NOTE:  To find out if you have a particular program installed on your system, try entering the word which followed by a space and the program name at a Linux command prompt.  If the program is installed on your system, it should show you the path to the file.  Note that you will probably need to use the full path and filename if you are attempting to run the program from a shell script or a cron job!

  • tv_cat – Concatenate XMLTV listings files. The man page description says, “Read one or more XMLTV files and write a file to standard ouput whose programmes are the concatenation of the programmes in the input files, and whose channels are the union of the channels in the input files.”  Or in simple terms, it merges XMLTV format files together.  This program may already be on your backend system but if it’s not, you can typically install it on a Ubuntu/Debian-based system (and possibly in some other Linux distros) by installing the xmltv package.  tv_cat is a bit picky about the format of the files it will combine, so check the output carefully to make sure it is including all the channels.  I had some issues using tv_cat with TVHeadEnd, and wound up using a small quick-and-dirty Perl script to combine XMLTV listings files instead.
  • sed – Stream EDitor. This is a utility built into just about EVERY Unix/Linux system out there, and it’s probably available for Windows in some form also. sed is more or less a one-trick pony – it searches for text and replaces it with something else.  You can use it to resolve duplicate channel ID’s in two different XMLTV files by changing them in one of the files, using a command of the form sed -i ‘s/original text/replacement text/’ filename but note that there are some potential “gotchas”, so read the documentation first.  For example, if either the search or replace string contains a / character, it mush be “escaped” with a backward slash, so as not to be confused with the / delimiter character.  So if, for example, your search or replace string included the closing tag </display-name> you’d use <\/display-name> instead. (EDIT: You can also change the delimiter character to avoid this issue – see the first comment below).

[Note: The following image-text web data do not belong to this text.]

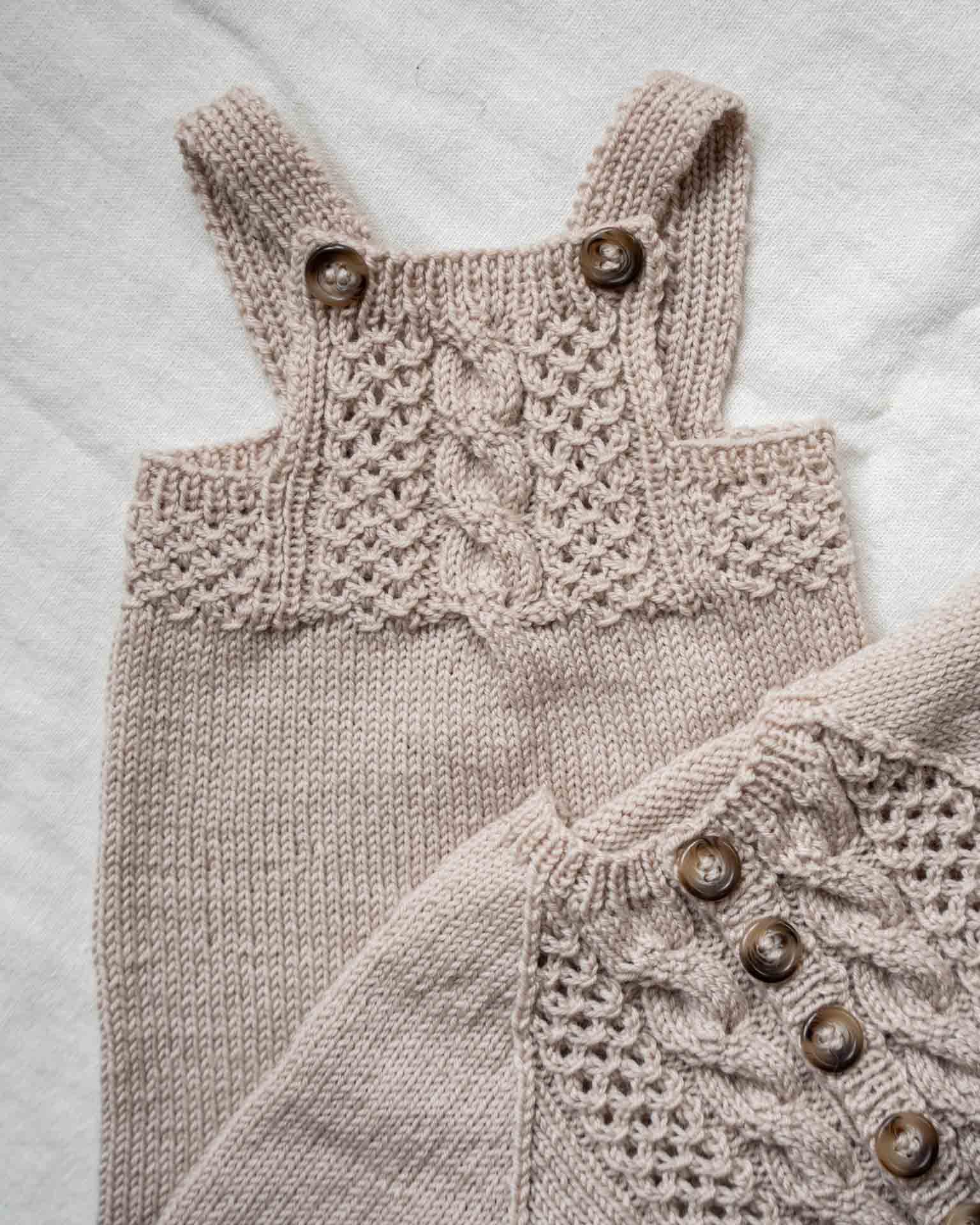 Jakob Selebukse strikkes nedenfra og opp med strukturmønster på smekken og øverste del av bakstykket. Klassisk og søt selebukse for baby og barn.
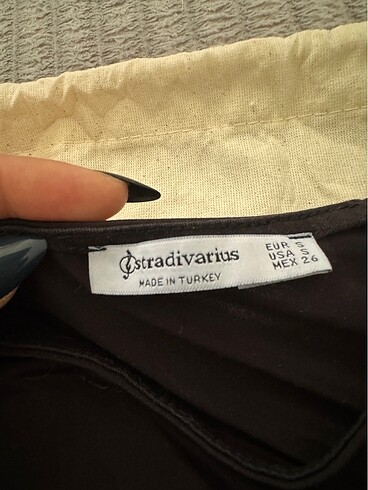 Stradivarius STRADİVARİUS ÜST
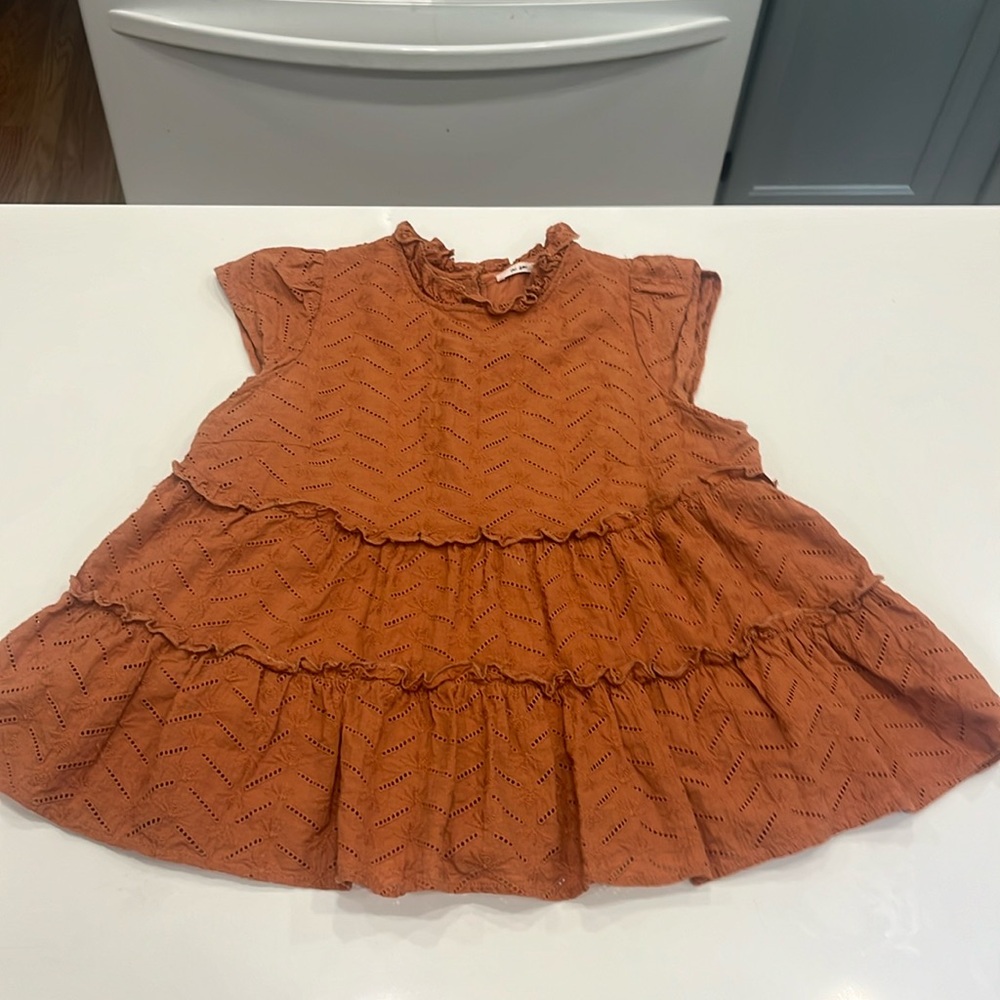 Mi Ami x Francesca’s orange cap sleeve blouse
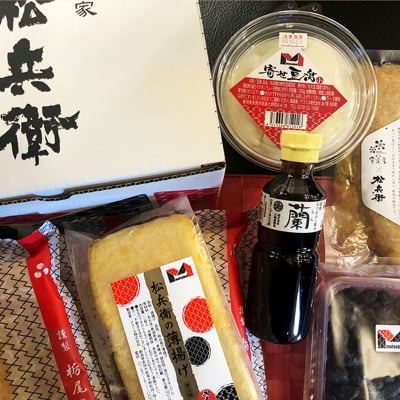 松兵衛ギフトセット<R>栃尾あぶらあげ3枚、寄せ豆腐【赤】1個、薄揚げ1袋、油揚げ雪室みそ漬け1枚、黒大豆の甘納豆1袋、高級だし醤油1本のセットです。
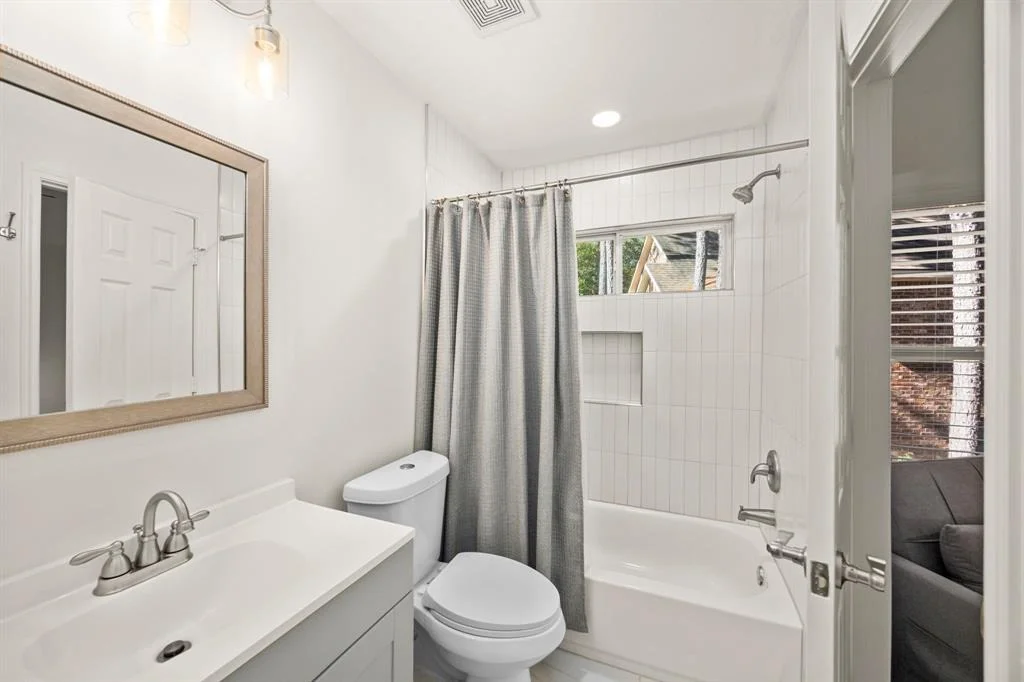 Photo of 84 W Sandalbranch Circle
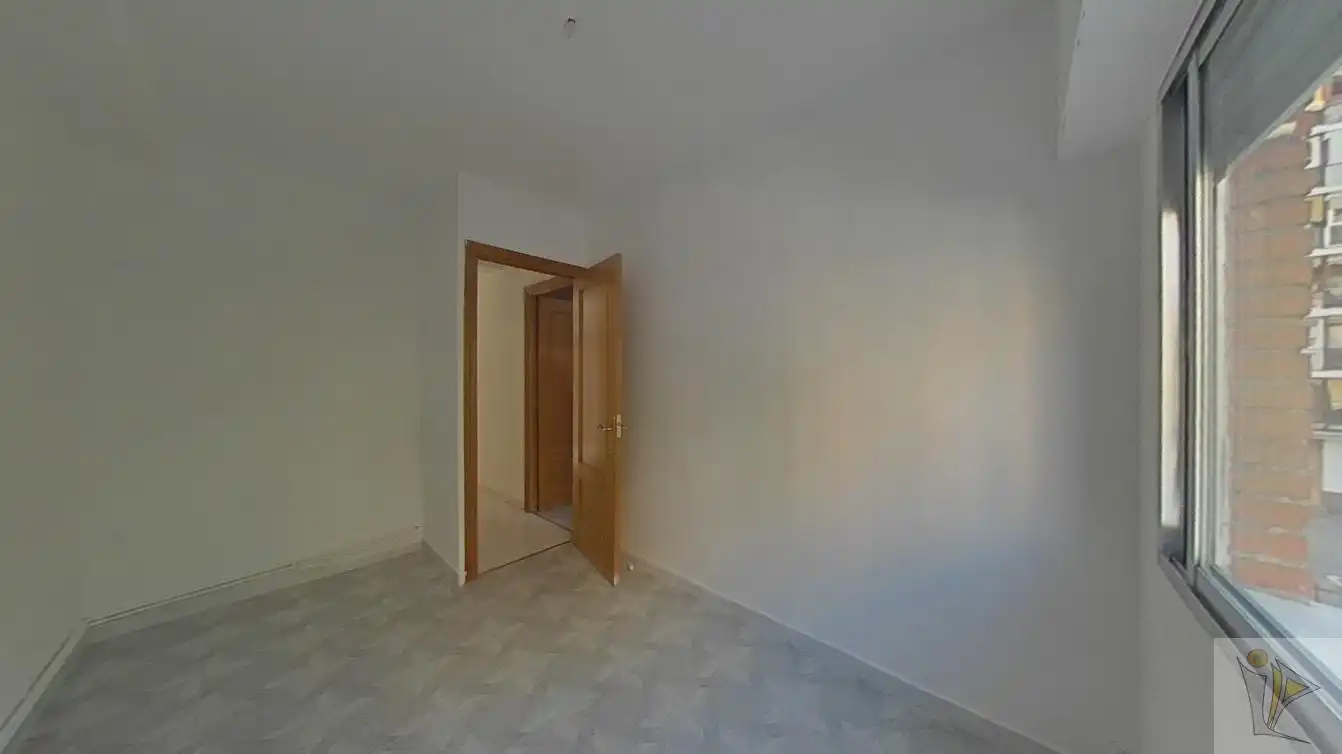 Piso en venta en CL ALFONSO XII , Sur - PAU 4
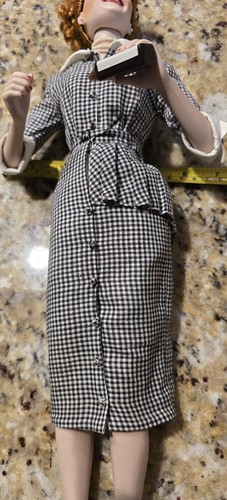 Franklin Mint Ball Lucy Does a TV Commercial Porcelain Doll Vitameatavegamin - Picture 11 of 11
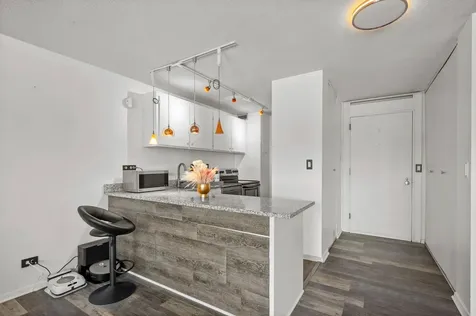 15 S 1st Street Minneapolis MN 55401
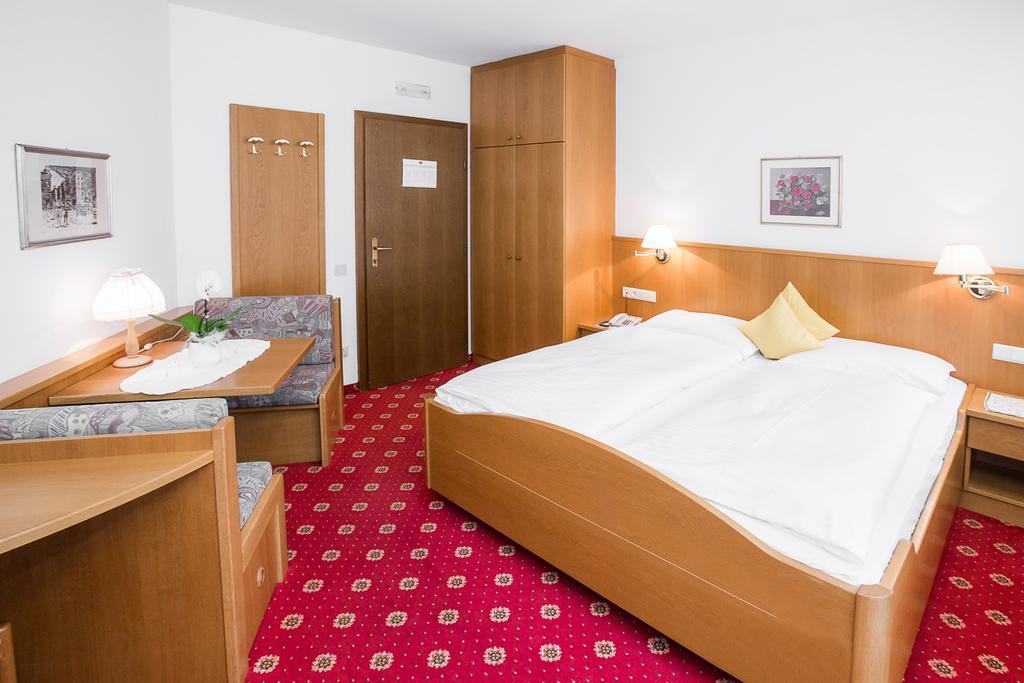 Hotel Alexandres อัปเปียโน ซุลลา สตราดา เดล วีโน ภายนอก รูปภาพ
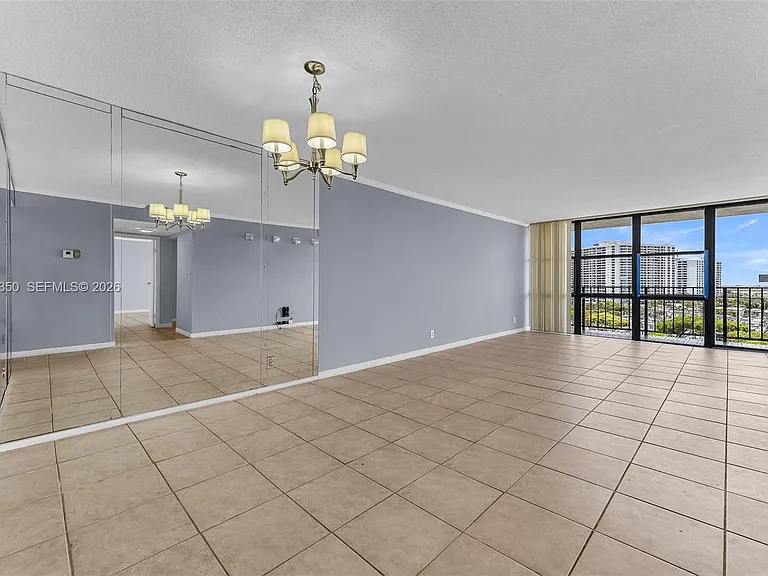 800 Parkview Dr #1007 — Photo 4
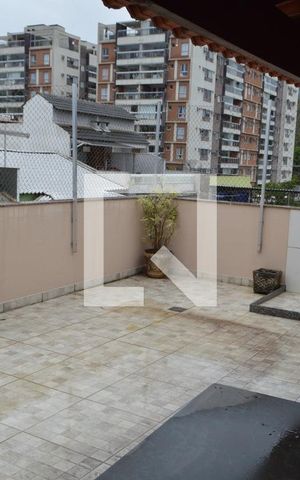 Casa de condomínio à venda com 220m², 4 quartos e sem vagaTerraço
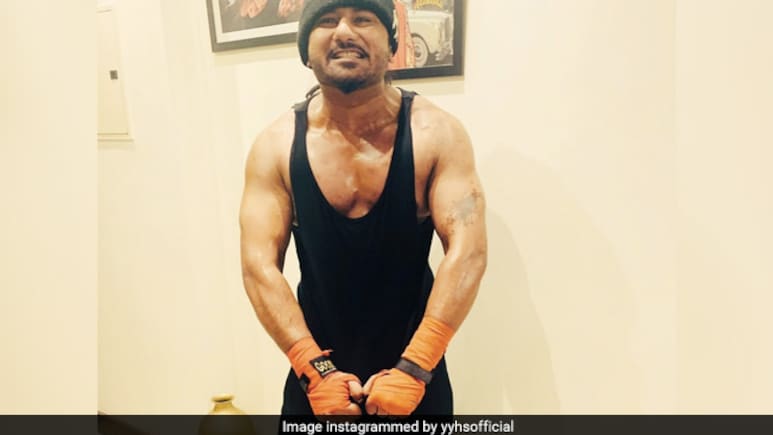 फिल्मफेयर कार्यक्रम में यो यो हनी सिंह की ओर से दी जाने वाली लाइव परफॉर्मेंस को लेकर दी गयी शिकायत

    I will note that there are some “purists” out there that will say that you should never use sed to manipulate an XML file, even though it’s easy and (if you are careful to use unique strings that don’t appear anyplace that you don’t want to change) fairly foolproof, so I suppose I had better mention a tool that is specifically intended for manipulating XML files…

  • xmlstarlet – command line XML toolkit. According to the description, “XMLStarlet is a set of command line utilities (tools) which can be used to transform, query, validate, and edit XML documents and files using simple set of shell commands in similar way it is done for plain text files using UNIX grep, sed, awk, diff, patch, join, etc commands.” This is another one that you will likely find in your Linux distribution’s repository, at least if you are running a version of Ubuntu or Debian.  This one offers you a lot more flexibility in manipulating XML files, but at the expense of being somewhat more complicated to use.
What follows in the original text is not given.